This report by the International Social Service (ISS) reviews legal, policy and jurisprudential developments in surrogacy from 2019 to early 2025 at global, regional and national levels, focusing on how these developments affect the rights of children born through such arrangements.
Surrogacy remains a deeply complex and contested practice. While it keeps growing globally, it continues to be unevenly regulated. This creates serious legal and human rights challenges—particularly for children—when laws fail to keep pace with the practice. Surrogacy often crosses borders, but protections for children do not. The result: many children are born into legal limbo, with unclear parentage, nationality, or access to their origins.
Across different countries and regions, several cross-cutting trends have emerged:
Increased visibility, limited oversight: Surrogacy is more widely debated, yet accurate data and reliable oversight remain lacking. Without proper data, it is difficult to assess impacts, enforce safeguards, or shape evidence-based policies.
A shift toward altruistic surrogacy: Some States are moving away from commercial forms of surrogacy, but clear safeguards and definitions are often missing.
Persistent gaps in children’s rights: Access to identity, legal recognition, and protection from exploitation is still far from guaranteed in many contexts.
Legal and policy fragmentation: While some international and regional initiatives show promise, the lack of coherent and coordinated legal frameworks creates confusion and inconsistency.
Soft law and expert guidance: In the absence of binding international rules and clear definitions, initiatives like the Verona Principles have emerged to provide child-focused guidance. These efforts are crucial but rely on voluntary adoption and political will.
Courts stepping in: In the absence of legislation, courts are increasingly tasked with resolving complex parentage and rights issues—on a case-by-case basis.
Gaps in international coordination: Despite some progress, international bodies—including human rights mechanisms—have yet to develop a coherent and unified approach to surrogacy that prioritises children’s rights. Coordination among actors remains limited.
This report underscores the urgent need for joined-up international responses that centre children’s rights, regardless of a country’s position on surrogacy.
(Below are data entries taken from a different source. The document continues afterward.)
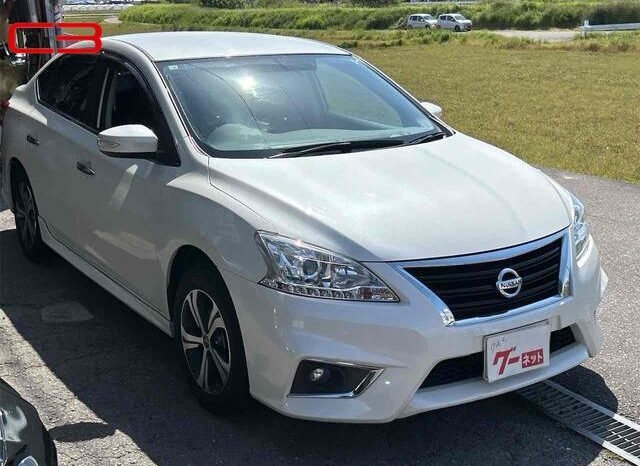
								NISSAN SYLPHY FOR SALE IN KENYA full									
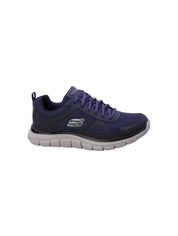 Skechers Sneakers Uomo Blue 52631nvy/25 Track Scloric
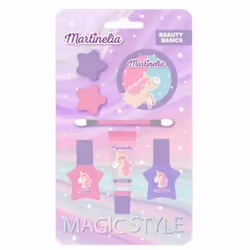 Martinelia 11955, Kit de maquillage pour enfants, Multicolore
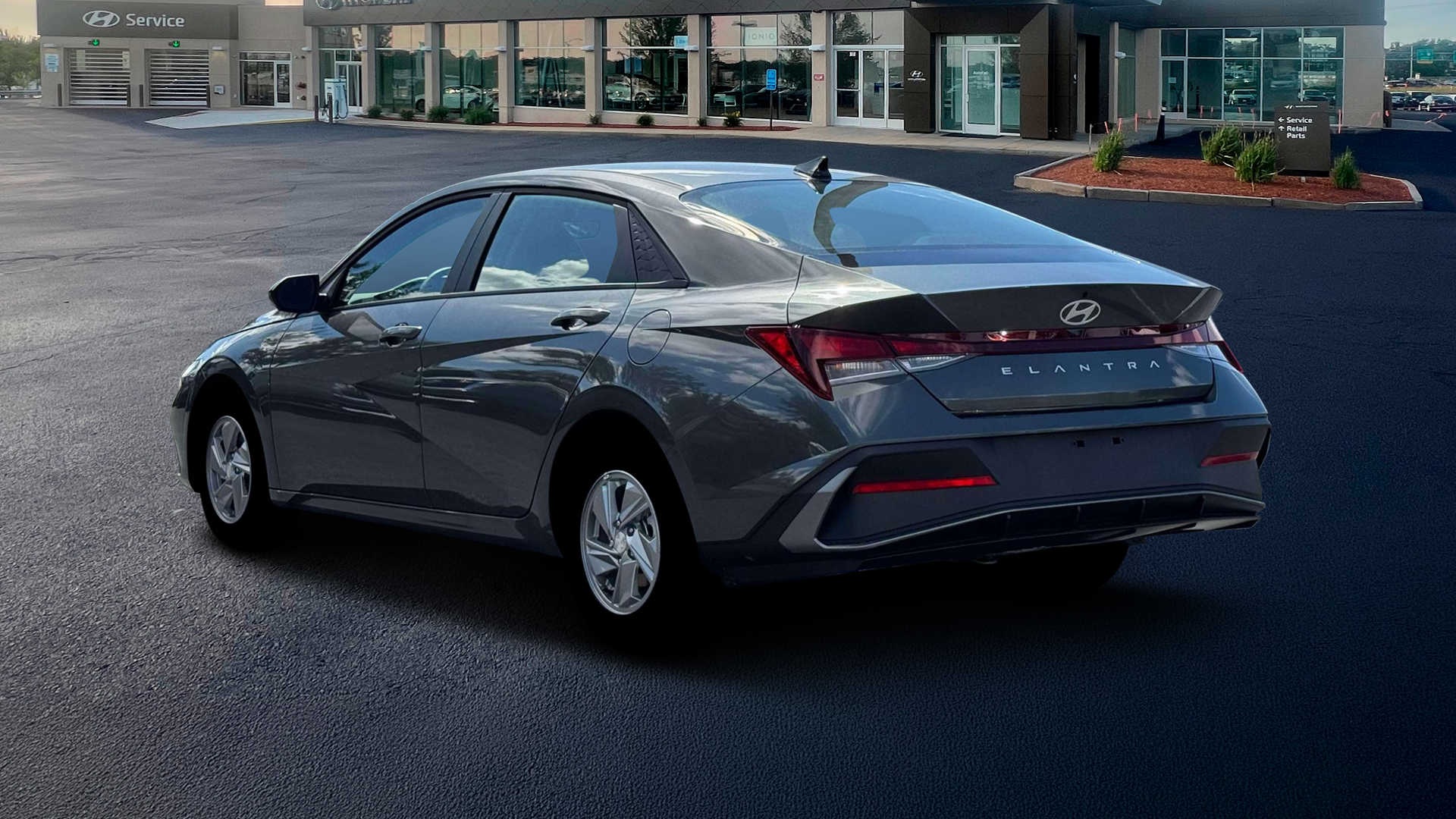 2026 Hyundai ELANTRA SE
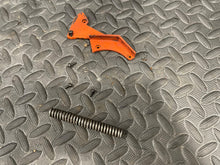 Load image into Gallery viewer, OEM Husqvarna Chain Brake Main Spring, Models 394 395, #503717101
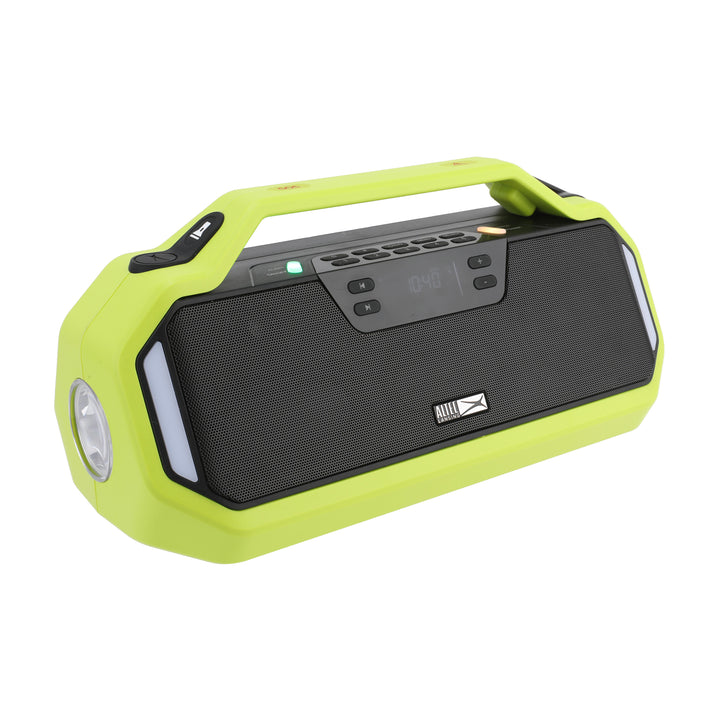 Altec Lansing Stormchaser Speaker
Efforts must go beyond regulating parentage alone and instead take a holistic approach—addressing the lived realities and long-term needs of children and other parties involved.
In this report, ISS calls for continued and collective action. It encourages stronger legal safeguards for children, improved international cooperation, greater attention to lived experiences, and the integration of child rights into all surrogacy-related discussions. Surrogacy should never leave a child in legal limbo or without protection—regardless of where or how they are born.